PROMPT:
Drop the pictures and extract exactly the lines from the one that contains "30 Perusahaan Sediakan" through the end of the material.

GIVEN INFORMATION:
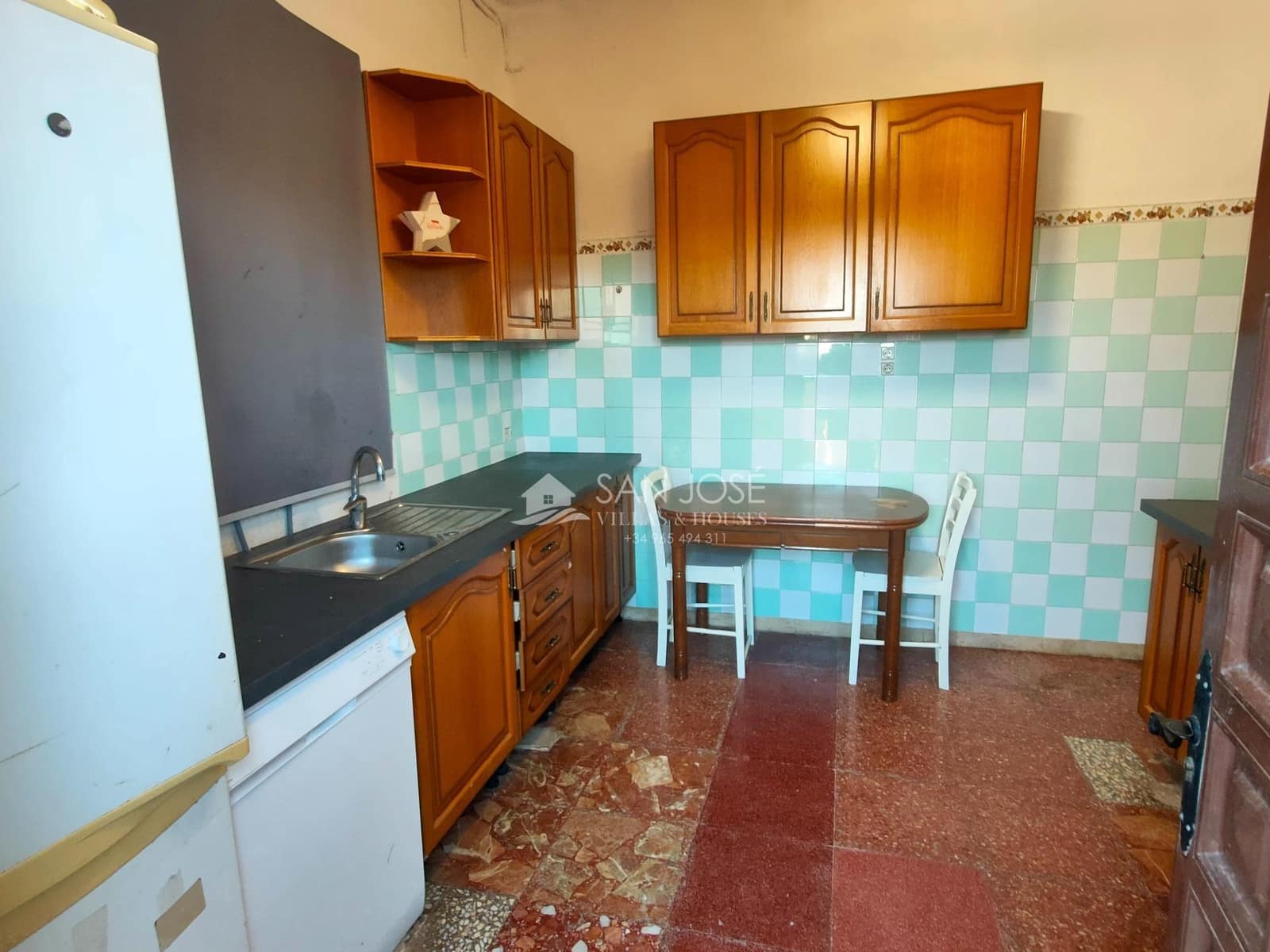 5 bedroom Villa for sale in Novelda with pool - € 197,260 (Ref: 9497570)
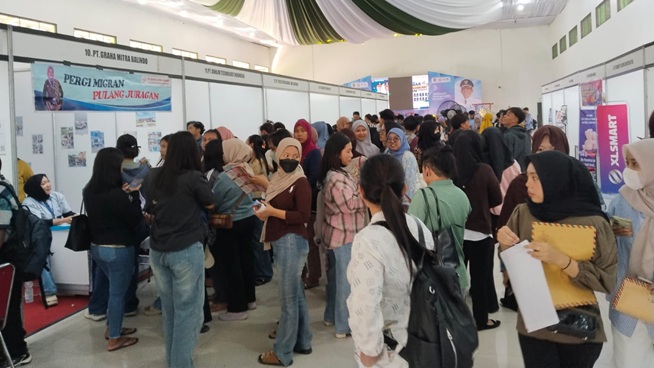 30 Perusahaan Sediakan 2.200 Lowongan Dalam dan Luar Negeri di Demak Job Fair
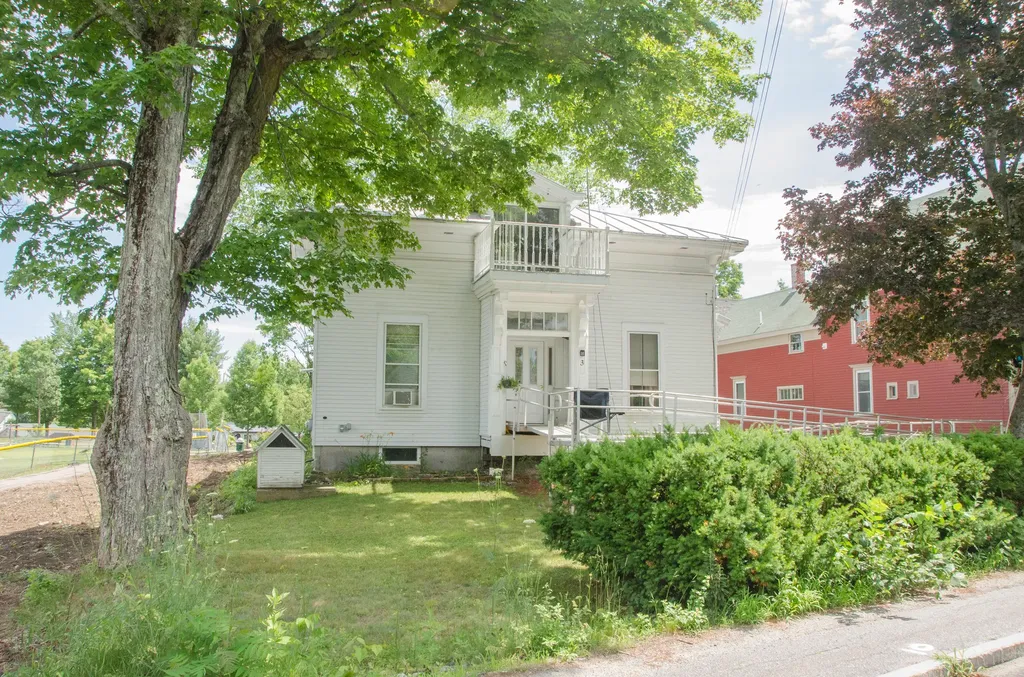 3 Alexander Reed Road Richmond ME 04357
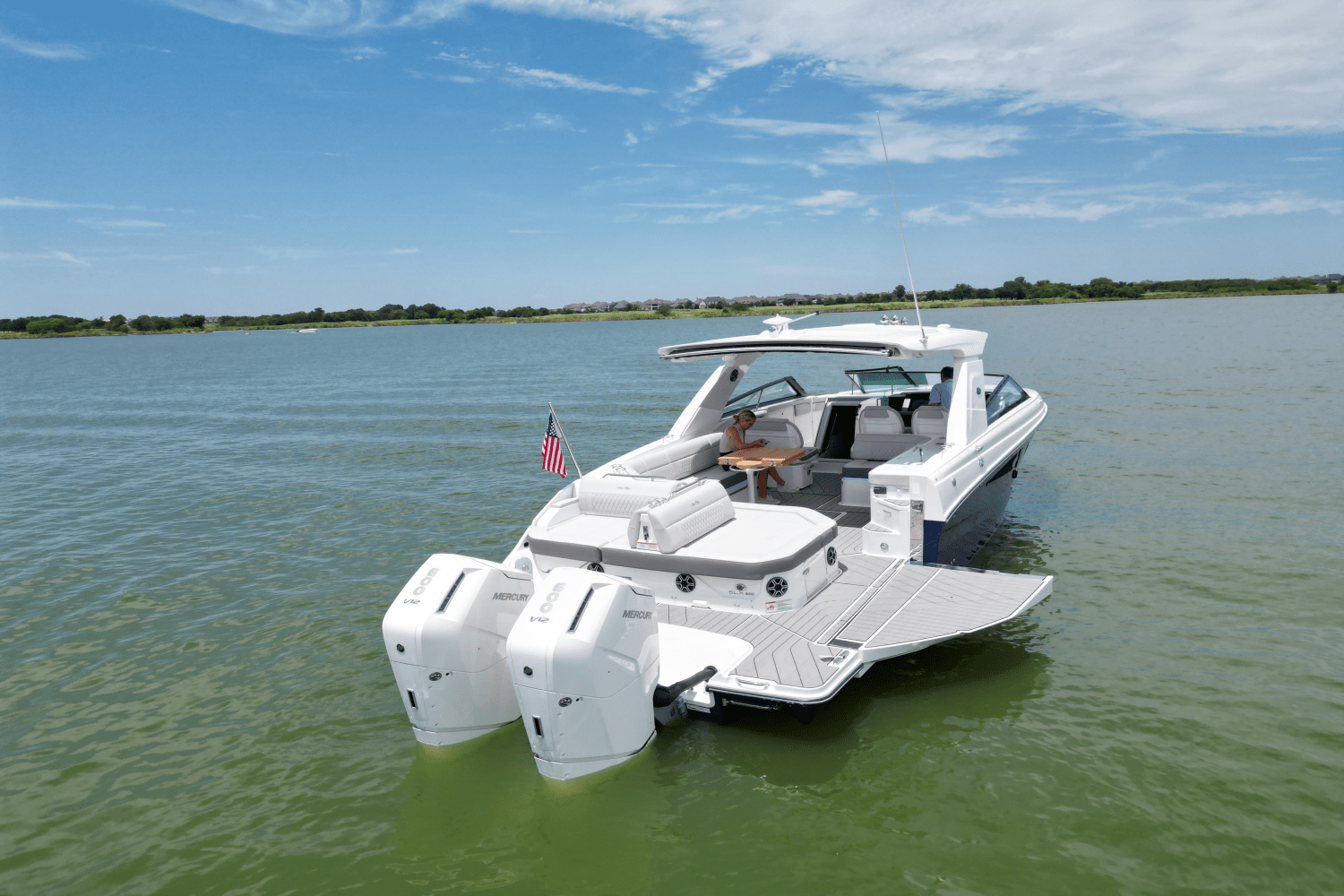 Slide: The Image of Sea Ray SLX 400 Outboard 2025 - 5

OUTPUT OF THE TASK:
 30 Perusahaan Sediakan 2.200 Lowongan Dalam dan Luar Negeri di Demak Job Fair
 3 Alexander Reed Road Richmond ME 04357
 Slide: The Image of Sea Ray SLX 400 Outboard 2025 - 5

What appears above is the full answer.